DATA FOR REVIEW section start

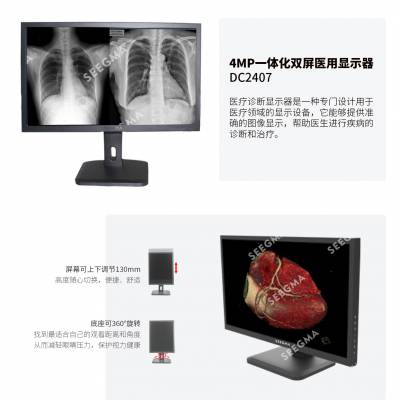 医用显示器找政昆 4M一体化双屏完全符合医疗影像要求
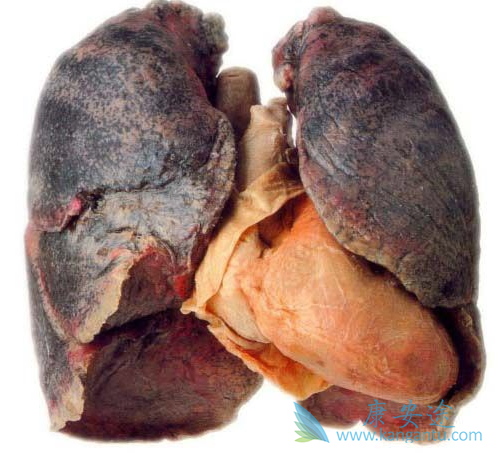 吉非替尼 吉非替尼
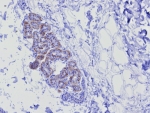 IHC staining of FFPE human skin tissue with recombinant Keratin 17 antibody (clone KRT17/8346R). HIER: boil tissue sections in pH 9 10mM Tris with 1mM EDTA for 20 min and allow to cool before testing.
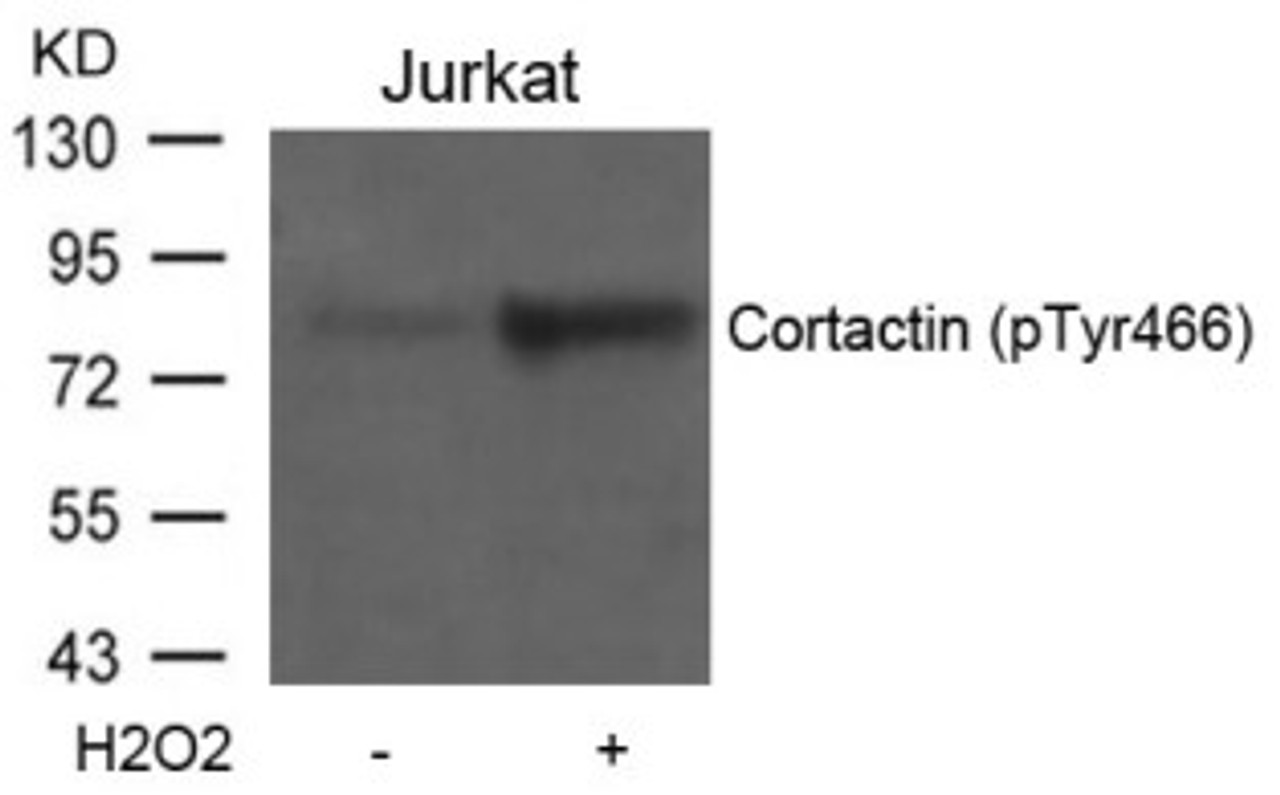 Western blot analysis of lysed extracts from Jurkat cells untreated or treated with H2O2 using Cortactin (Phospho-Tyr466) .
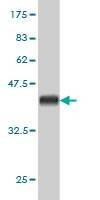 Anti-KIAA2002 Antibody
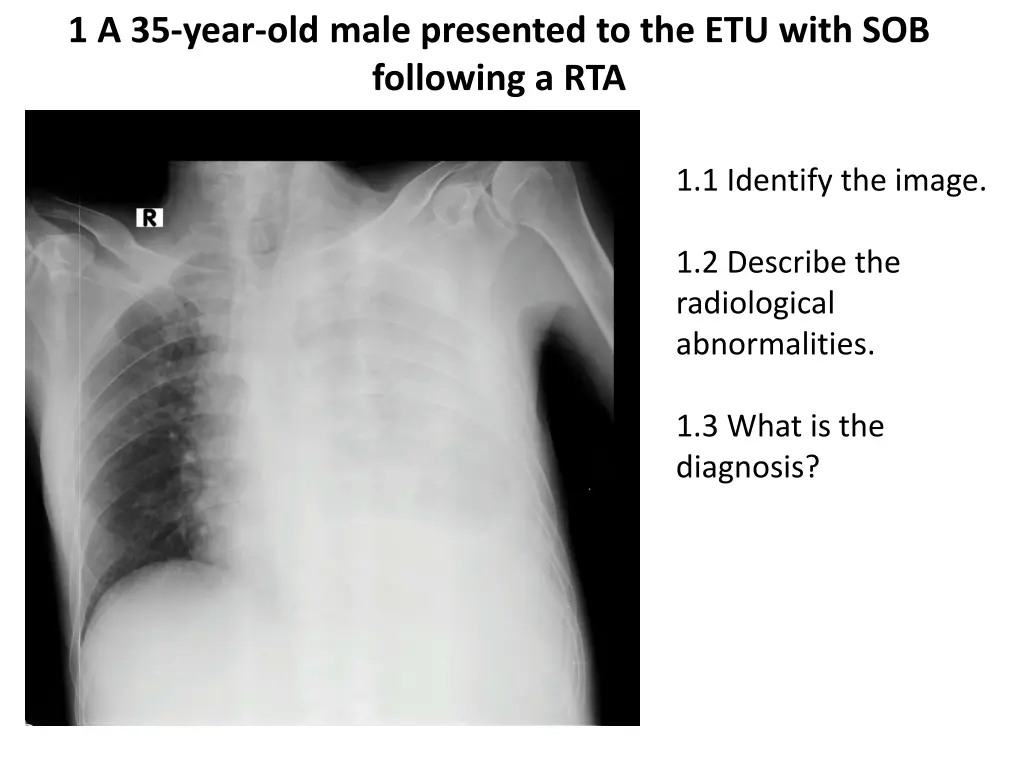 1 a 35 year old male presented to the etu with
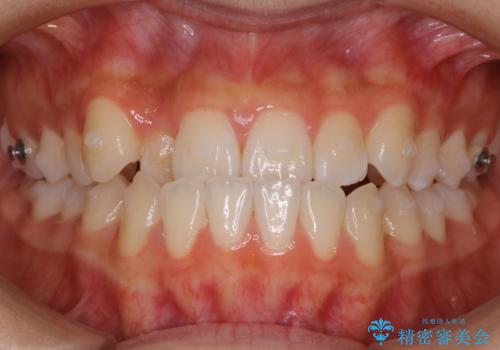 【非抜歯】受け口の改善　10代で始める本格的噛み合わせ治療の治療中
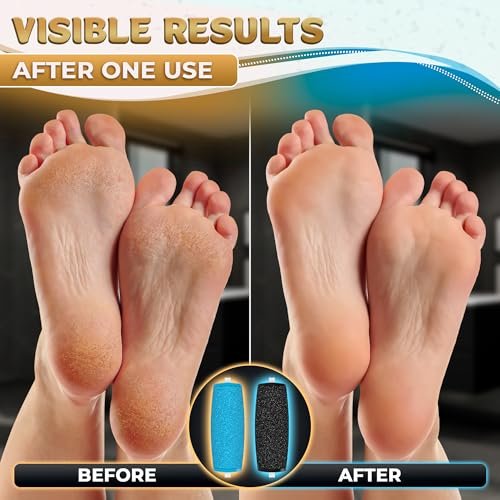 11 Pcs Replacement Rollers for Electric Foot Callus Remover - Extra Coarse & Regular Coarse Refill Heads for Pedi Perfect Pro - görsel 14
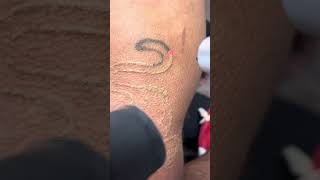 Laser tattoo removal on black Panther tattoo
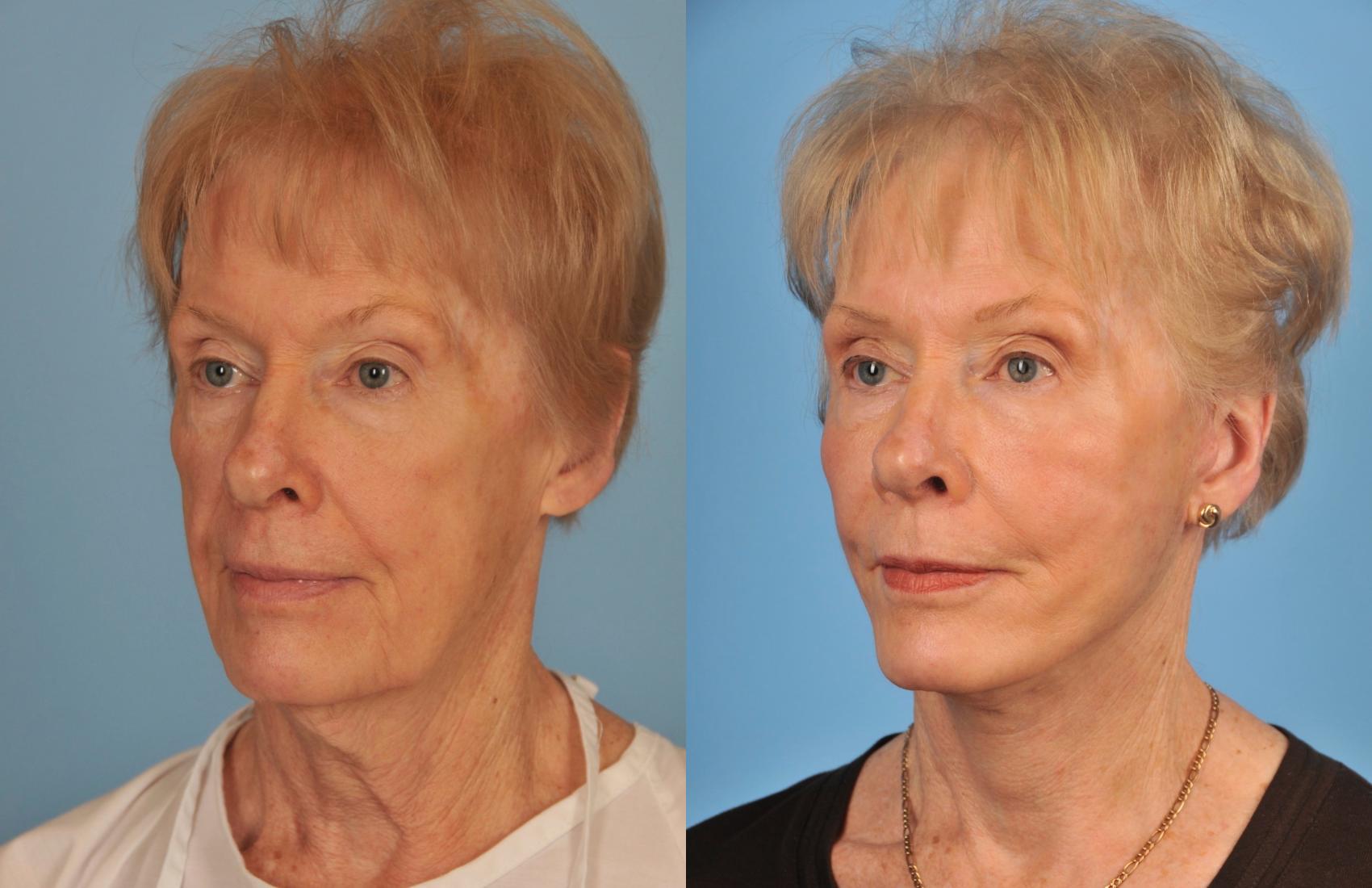 Before & After Facelift/Neck Lift Case 51 View #1 View in Toronto, ON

DATA FOR REVIEW section end

## WHAT IS EXPECTED
Every line from the one containing "Western blot analysis" through the last line of the listing must be written out again exactly, and no other line. Leave the pictures aside.

## EXPECTED ANSWER
 Western blot analysis of lysed extracts from Jurkat cells untreated or treated with H2O2 using Cortactin (Phospho-Tyr466) .
 Anti-KIAA2002 Antibody
 1 a 35 year old male presented to the etu with
 【非抜歯】受け口の改善　10代で始める本格的噛み合わせ治療の治療中
 11 Pcs Replacement Rollers for Electric Foot Callus Remover - Extra Coarse & Regular Coarse Refill Heads for Pedi Perfect Pro - görsel 14
 Laser tattoo removal on black Panther tattoo
 Before & After Facelift/Neck Lift Case 51 View #1 View in Toronto, ON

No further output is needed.